“Minus the lack of me reading Harry Potter.”

“Your mom should date a wizard next time.”

I laughed. “Trust me, it’s probably next in her lineup.”

Around three a.m. he stood to leave, and I hurried inside, bringing out a pair of double-A batteries for his cassette player. He hesitated at first, but then placed them into his player. As he walked across the lawn with Zeus, he hit play on the music, placing the headphones over his ears. I watched his footsteps pause. He covered his face with the palms of his hands and his body shook.

I dropped down to my knees, watching the suffering that engulfed his spirit.
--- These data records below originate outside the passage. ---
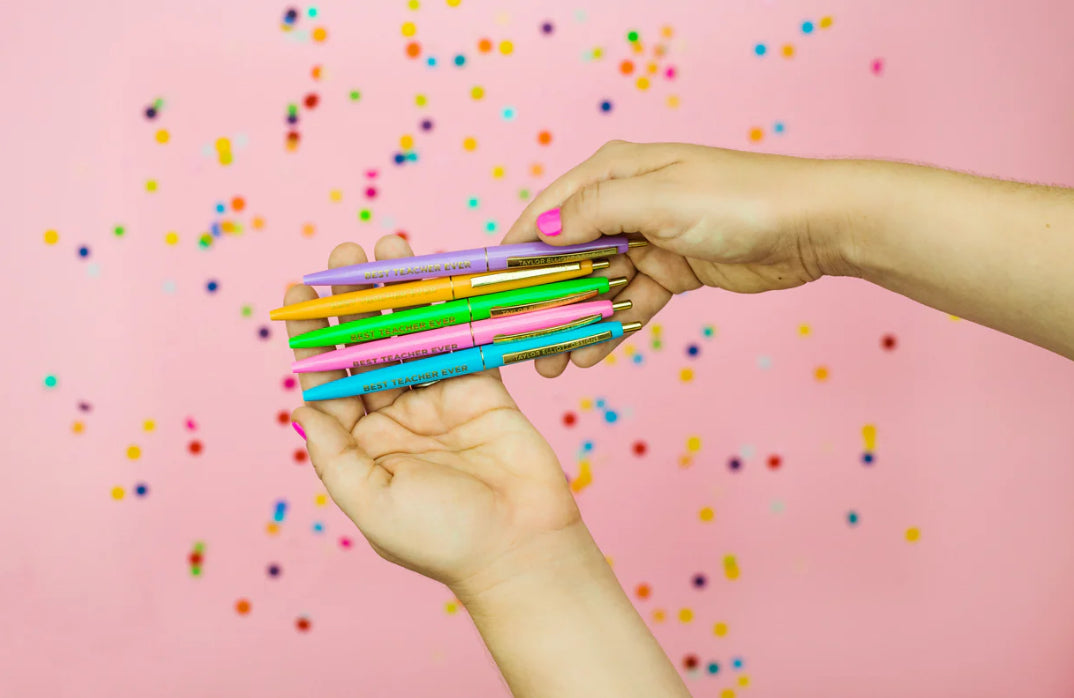 Set of 5 colorful "Best Teacher Ever" pens with matching ink colors. Medium ballpoint pens in a white gift box with gold foil dots, perfect for teacher appreciation gifts.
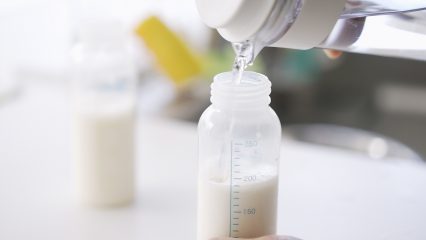 Featured Image of person making baby formula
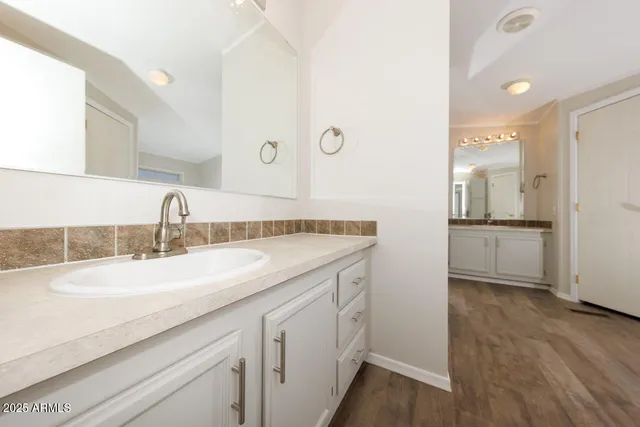 a white bath tub sitting next to a window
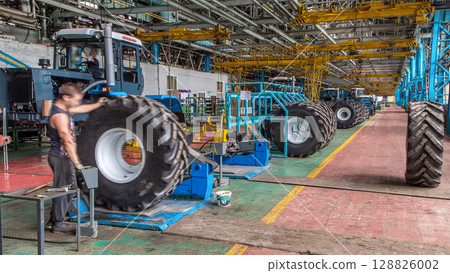 Professional mechanic install tire on wheel in repair service on tractor factory timelapse. Professional mechanic install tire on wheel in repair service on tractor factory timelapse. 128826002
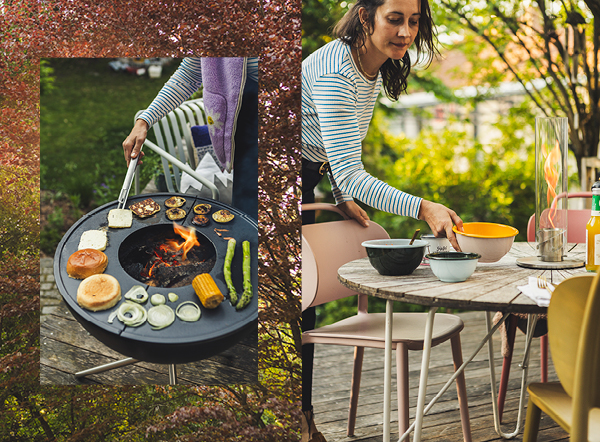 Eine Frau kocht draußen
A part of me wished I hadn’t given him the batteries, but another part was happy that I had, because his reaction meant he was still breathing.
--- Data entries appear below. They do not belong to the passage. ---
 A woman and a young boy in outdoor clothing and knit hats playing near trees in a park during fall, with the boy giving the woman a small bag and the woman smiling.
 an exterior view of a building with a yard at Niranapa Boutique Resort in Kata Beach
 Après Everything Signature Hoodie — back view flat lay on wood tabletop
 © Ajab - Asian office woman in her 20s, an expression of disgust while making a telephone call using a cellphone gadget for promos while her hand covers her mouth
Sometimes the hardest part of existing without your loved ones was remembering how to breathe.

He turned back my way and spoke. “Do me a favor?”


He gestured toward the house. “Hold her tight each day and night, because nothing’s promised to us. I just wished I would’ve held on tighter.”

Chapter Fourteen


April 4th, 2014

Three Days Until Goodbye

“This one’s really nice if you are looking for something strong,” the funeral home director, Harold, said to my mother and me as we stood staring at caskets. “It’s full copper, which has excellent resistance to corrosion. It’s stronger than stainless steel, and provides a remarkable life for your loved ones.”

“That’s very nice,” Mom said, as I stood completely uninterested.

“And over here, if you’re looking for something a bit higher class, then you want to look into this beauty.” Harold’s fingers brushed against his goatee before he patted the inside of another casket. “This is solid bronze, which is the strongest and longest-lasting of any casket material. If you are looking to send your loved ones out in style, this is the way to go.

“There’s also the option of the hardwood caskets. Now, they aren’t as strong as these ones, but they are shock-resistant, which is nice. They come in different types of hardwoods such as cherry, oak, ash, or walnut. Now, my personal favorite is the cherry finish, but that’s just me.”

“Fucking creep,” I muttered under my breath, my mom the only one to hear me.

“Tristan,” she scolded, turning away from the funeral director. “Be nice.”

“He has a favorite casket. That’s fucking weird,” I hissed, irritated with Harold, irritated with my mother, irritated that Jamie and Charlie were gone. “Can we get this over with?” I complained, looking into the empty caskets that would soon enough be filled with my everythings.

Come back to me.

Mom frowned, but went ahead and handled the details that I wanted to pretend didn’t exist.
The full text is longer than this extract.